Do I understand you correctly - LRM/CRM is the only component that arms the watchdog and as long as they are disabled, there is no other component of Proxmox, not even corosync / pmxcfs itself, that could trigger a reboot? pmxcfs simply switches to read-only if losing quorum, correct?
Yes. If the LRM is in "active" mode, because there currently are, or recently have been, HA guests on it, it will fence itself if it loses the connection to the majority of the cluster for more than a minute.
If the LRM is in "idle" mode, the /etc/pve/ directory will go into read-only mode only.

Can you describe the entire cluster in a little more detail? I would like to get an overall impression of your setup.
This please, and can you please show the /etc/pve/corosync.conf contents and the output of pvecm status?

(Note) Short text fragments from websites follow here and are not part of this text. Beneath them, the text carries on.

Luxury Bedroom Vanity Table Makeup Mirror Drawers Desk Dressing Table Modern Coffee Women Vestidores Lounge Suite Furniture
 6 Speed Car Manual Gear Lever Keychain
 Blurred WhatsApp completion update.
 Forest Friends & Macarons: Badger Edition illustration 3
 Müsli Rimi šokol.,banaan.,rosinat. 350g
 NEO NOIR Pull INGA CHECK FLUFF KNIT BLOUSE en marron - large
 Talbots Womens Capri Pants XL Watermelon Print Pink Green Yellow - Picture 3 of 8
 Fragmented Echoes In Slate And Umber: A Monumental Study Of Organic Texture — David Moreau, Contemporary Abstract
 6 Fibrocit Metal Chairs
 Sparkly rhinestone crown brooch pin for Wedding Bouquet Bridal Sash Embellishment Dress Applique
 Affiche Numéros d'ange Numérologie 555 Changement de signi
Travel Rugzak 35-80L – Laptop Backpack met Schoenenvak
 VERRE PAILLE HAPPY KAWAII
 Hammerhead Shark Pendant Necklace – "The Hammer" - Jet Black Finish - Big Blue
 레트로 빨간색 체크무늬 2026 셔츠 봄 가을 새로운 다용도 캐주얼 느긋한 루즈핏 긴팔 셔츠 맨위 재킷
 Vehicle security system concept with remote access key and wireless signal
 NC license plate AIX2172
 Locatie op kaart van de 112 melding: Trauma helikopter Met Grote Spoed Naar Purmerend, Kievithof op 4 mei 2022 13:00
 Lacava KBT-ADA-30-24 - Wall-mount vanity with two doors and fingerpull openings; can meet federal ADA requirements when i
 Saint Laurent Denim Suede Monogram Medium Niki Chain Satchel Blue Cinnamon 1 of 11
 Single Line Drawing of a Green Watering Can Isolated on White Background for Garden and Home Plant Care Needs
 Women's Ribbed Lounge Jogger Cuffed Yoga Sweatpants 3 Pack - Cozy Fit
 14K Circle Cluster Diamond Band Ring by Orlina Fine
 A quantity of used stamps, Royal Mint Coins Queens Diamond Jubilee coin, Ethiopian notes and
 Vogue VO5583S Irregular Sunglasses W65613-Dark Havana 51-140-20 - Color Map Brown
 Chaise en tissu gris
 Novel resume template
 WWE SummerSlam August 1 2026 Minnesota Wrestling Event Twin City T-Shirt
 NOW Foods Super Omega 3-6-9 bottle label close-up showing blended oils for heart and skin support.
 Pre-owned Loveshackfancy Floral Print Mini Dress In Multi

Should I see an "emergency reboot initiated by watchdog" message in the logs or is it "BAM! - DEAD" immediately?
There is a log about the watchdog that ran out, but with the hard reset right after, it will not always get written down to disk. The best indicator is to check the logs of the fenced node and the other nodes in the cluster as well for anything corosync related. It will show in much detail if the connection to a node in the cluster changes and how it affects the memberships that are formed. With that information, it is possible to create a timeline of what happened regarding Corosync and the Proxmox VE cluster.

8 nodes:

5x Lenovo x3650 M5 as compute nodes , 2x Xeon E5-2690 v4, 768 GB RAM, 1x Mellanox ConnectX-3 (2x 10G ports), 1x ConnectX-4 (2x 25G ports)
3x Supermicro SC846E16-RJBOD1 as Ceph storage nodes , 96 GB RAM, 1x Mellanox ConnectX-4 (2x 25G ports)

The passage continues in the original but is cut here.